Look him up on YouTube. His videos are fucking hilarious!!


----------



## Mr Owl (Apr 19, 2010)

I've g2g for school, but look up nigahiga. He has to many funny videos for me choose and put a link here.


----------



## /W0LF/UpRISING/ (Apr 20, 2010)

yeah nigahigas funny. ages ago i watched the ipod human lol!


----------



## Hir (Apr 20, 2010)

xXFURRY4EVA'SXx said:


> I've g2g for school,


Stay there and learn good humor.


----------



## Mr Owl (Apr 20, 2010)

/W0LF/UpRISING/ said:


> yeah nigahigas funny. ages ago i watched the ipod human lol!

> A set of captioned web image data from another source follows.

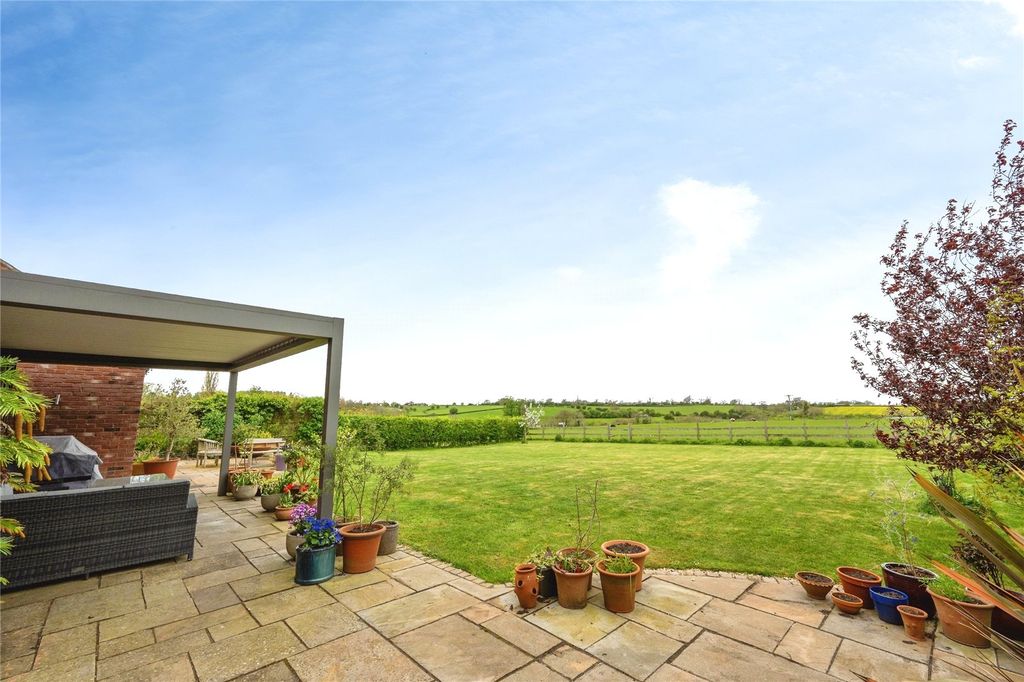 Property photo 2 of 26 Rear Garden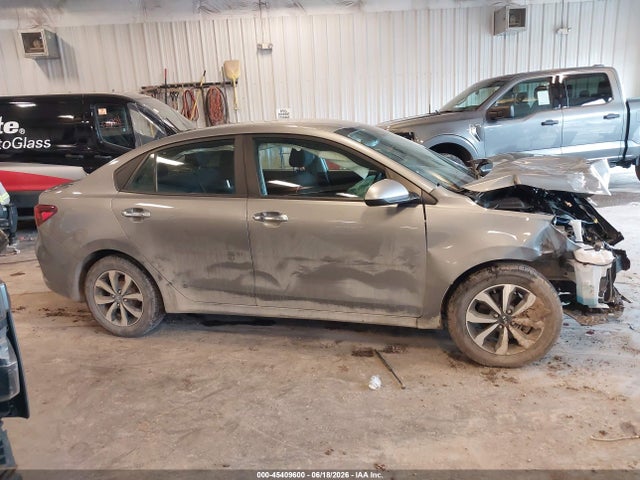 صورة مصغرة 13 لـ 2021 KIA RIO S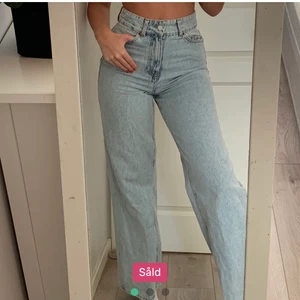 Jeans - Säljer ett par jeans som jag köpte på Plick, som tyvärr inte passade då jag är för kort, så nu säljer jag dom istället. (Bilder från hon jag köpte byxorna av)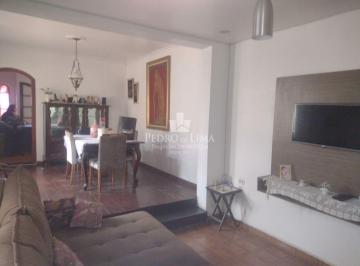 Casa · 225m² · 3 Quartos · 2 Vagas · Sobrado Frontal na Penha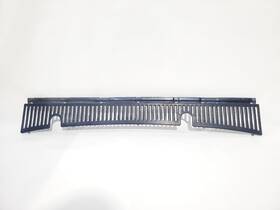 Jeep 2846088 Used Cowl Grille Panel Fits 1989 Grand Wagoneer Grade A
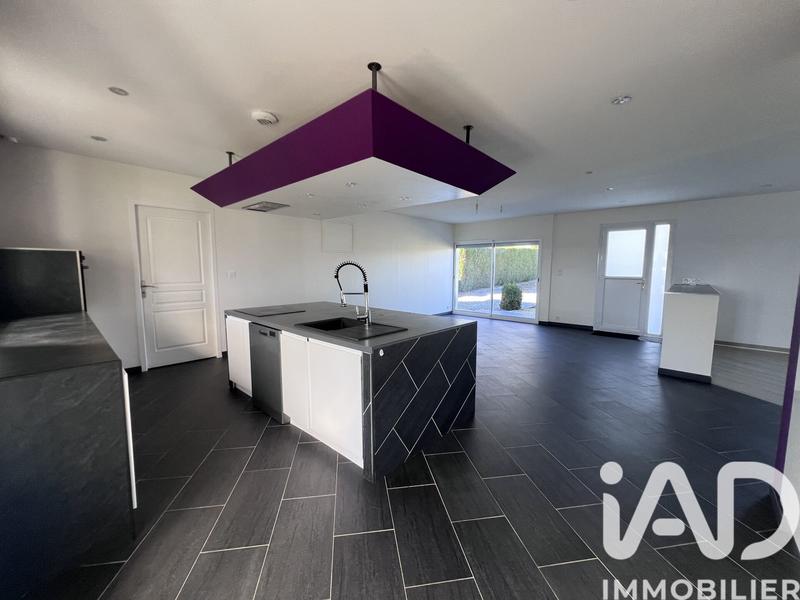 Maison - 111 m² - 5 pièces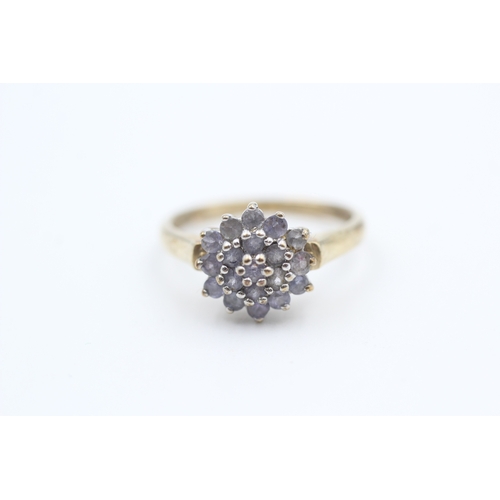 81 - 9ct gold tanzanite cluster ring (2.4g) Size  O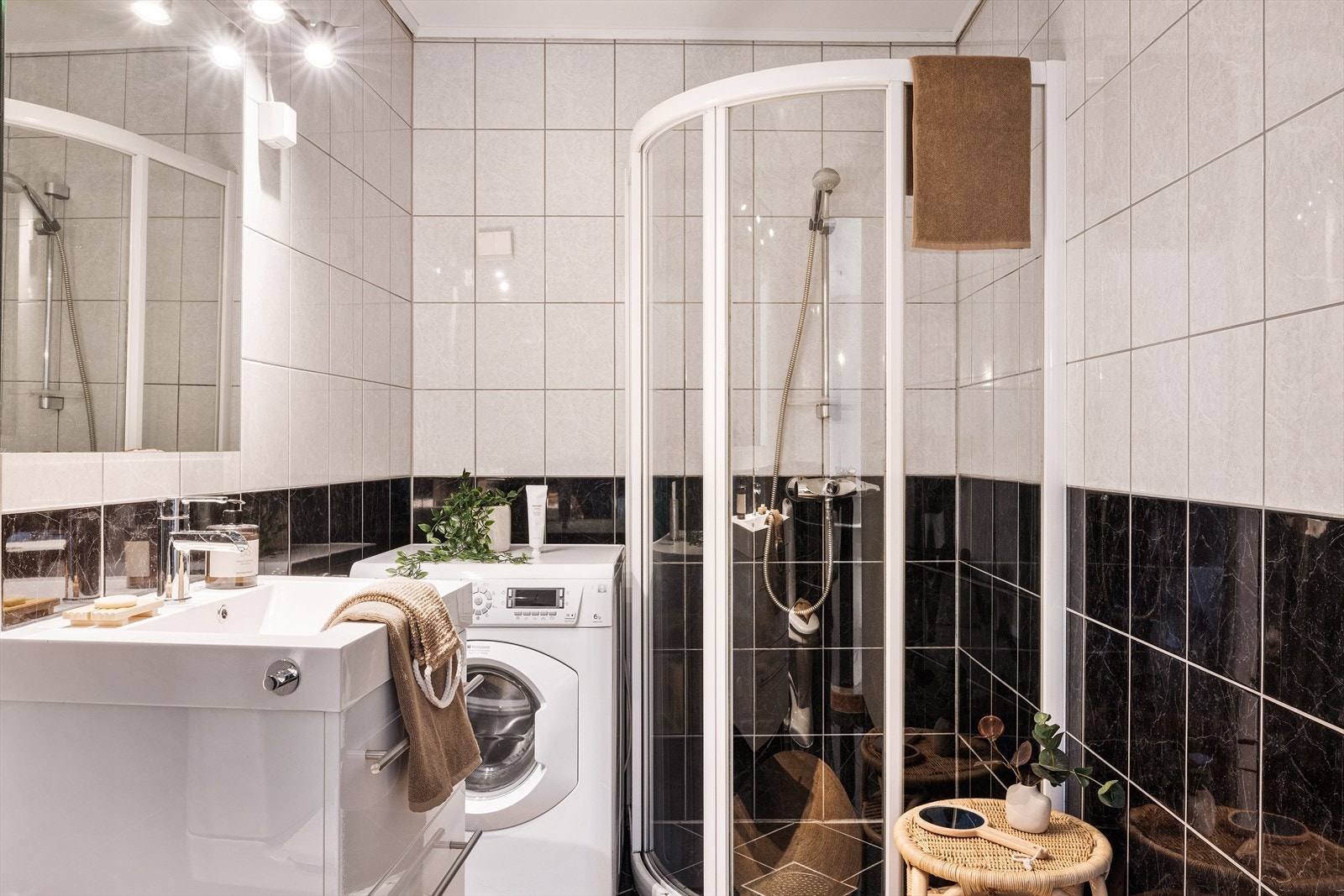 Deler av tidligere bod og dispionibelt rom er omgjort til bad, bruksendringen er søknadspliktig, dette er ikke omsøkt. Galleribilde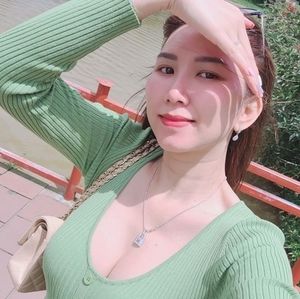 Meet your Posher, Lena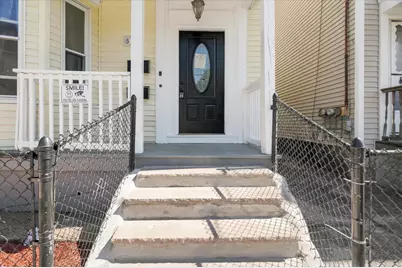 51 Hampshire St, Lowell, MA 01850 - Photo 29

Have you seen Hook on Fonik yet?


----------



## Hir (Apr 20, 2010)

Oi, get back to school.


----------



## /W0LF/UpRISING/ (Apr 20, 2010)

xXFURRY4EVA'SXx said:


> Have you seen Hook on Fonik yet?


no but ill watch it now


----------



## /W0LF/UpRISING/ (Apr 20, 2010)

lol "i can now read at a five grade level"


----------



## /W0LF/UpRISING/ (Apr 20, 2010)

http://www.youtube.com/watch?v=wtJDy3WuUQM there it is


----------



## Alstor (Apr 20, 2010)

I fricking love the House one.


----------



## Mr Owl (Apr 20, 2010)

I have a couple linked on my sig. One of them is a funny parody of a song not made by nigahiga. And the house one was pretty funny.


----------